Rectory: The Rectory was one of the most important buildings in Olympia since it was the centre of the sanctuary's administrative and political life and the Olympic Games' administrative centre. It is located inside the sacred precinct, next to the entrance to Alteas. Traveller Pausanias (5.15.8) mentions it as "Prytaneum of Ilia". Its construction dates back to the end of the 6th or the beginning of the 5th century BC. The building is square, and in the middle of its south side, there is an entrance leading to a square room in the centre. Here, the sacred hearth of the House of Ilia, where the "lime fire" burned, is also located. Also, inside the Rectory (to the right of the entrance), there was an altar dedicated to the god Pana.
Phidias' Laboratory: Phidias's laboratory is located directly across from the Temple of Zeus, west of Alteas. Here, the great sculptor created the golden ivory statue of the god. The laboratory, with a rectangular oblong floor plan (32.18 metres long and 14.50 metres wide), was built in the second half of the 5th century BC, while, later, it was turned into a place of worship. The workshop was constructed of shell stone, and its interior was divided into three aisles by two rows of columns. The golden ivory statue was set up in the central aisle. One of the most important findings of the laboratory is a small dark-coloured wine jar, on the base of which the inscription "FEIDIO EIMI", which means "I belong to Pheidias", is engraved. In the 5th AD century, a wood-roofed, three-aisled Early Christian Basilica was built on the ruins of the workshop.
At this point, a reference should be made to the Archaeological Museum of Olympia, one of the most important in Greece, where the archaeological findings found in the archaeological site of Olympia are exhibited. The museum is also known as the "New Museum" to distinguish it from the older one.
The Archaeological Museum of Olympia consists of twelve rooms organised thematically and chronologically. The collection of bronze objects is one of the most important collections worldwide, while the prominent pottery findings are also significant. The museum also has storage areas, as well as workshops for conserving clay, bronze and stone objects, mosaics and minor findings. The museum’s central exhibit is the Hermes of Praxiteles, the cup that belonged to Phidias and the Victory (Nike) of Mendaeus Paionius.

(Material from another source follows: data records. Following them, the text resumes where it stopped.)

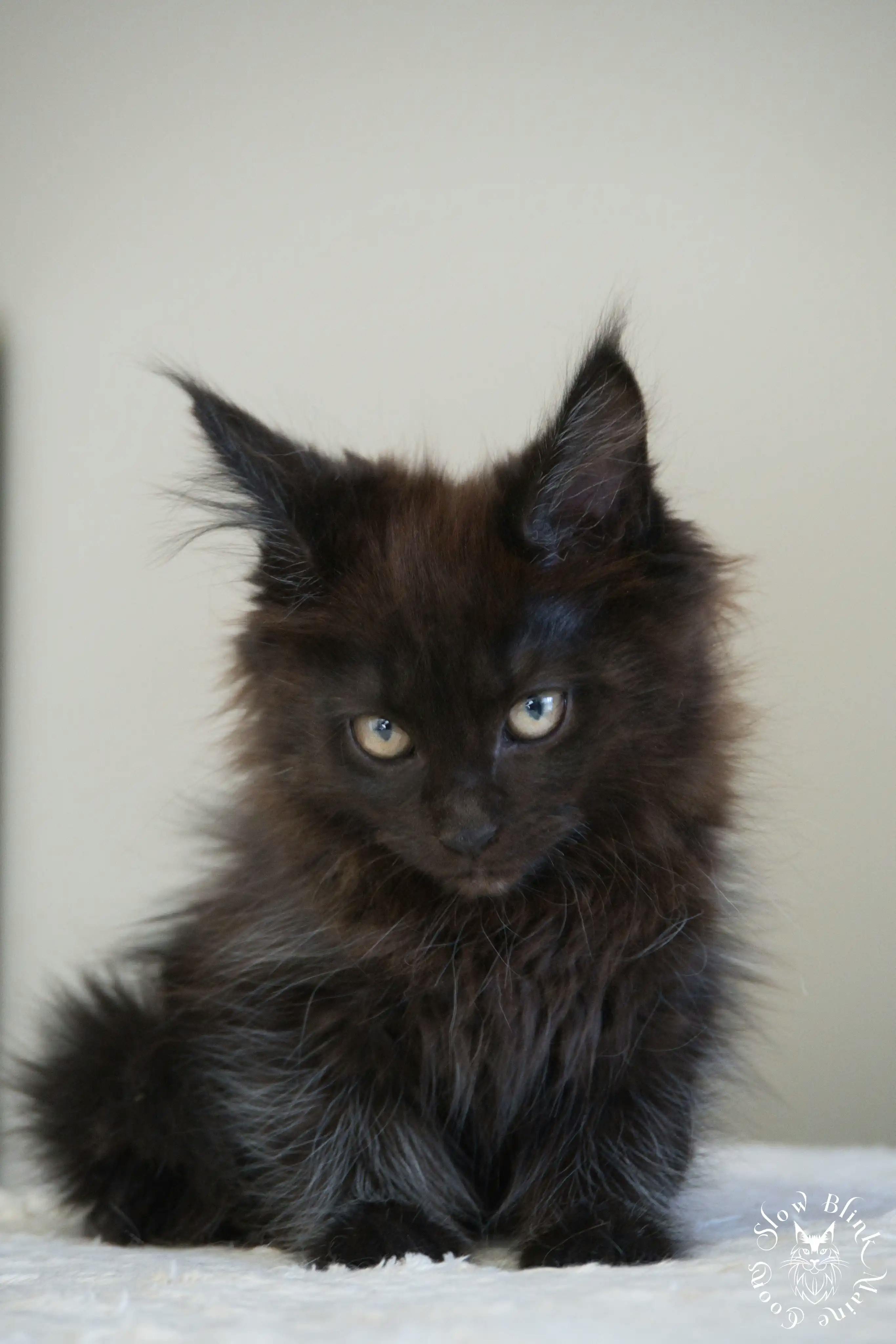 Black Maine Coon Kittens > black | maine coon kitten slowblinkmainecoons | ems code n | 01
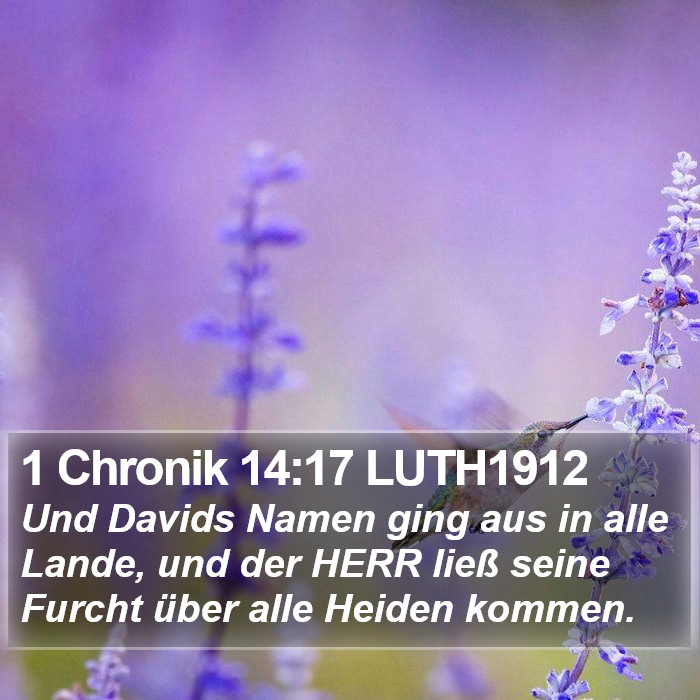 1 Chronik 14:17 LUTH1912 Bible Study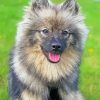 Beige And Black keeshond paint by number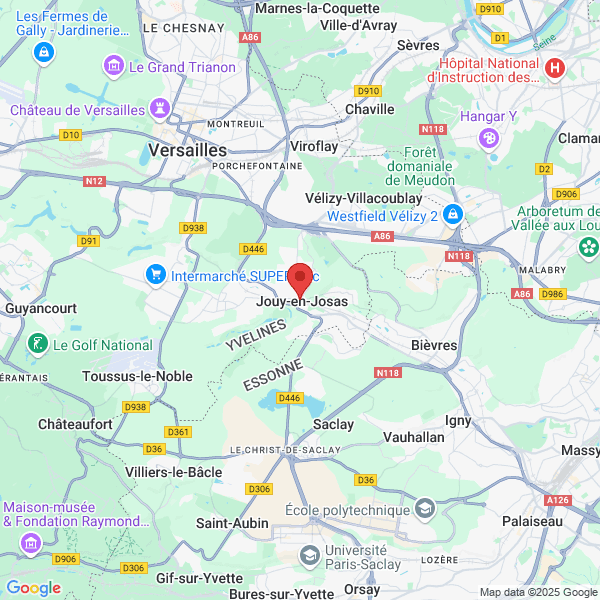 google map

The Hermes of Praxiteles - the marble complex depicting the god Hermes holding the little Dionysus - is the work of sculptor Praxiteles and was found intact inside the temple of Hera during the excavations of 1877. The sculptural composition, 2.13 metres high, is from Parian marble and is a masterpiece of the 4th century BC. art representing an era where strict symmetry had been succeeded by naturalism in rendering forms.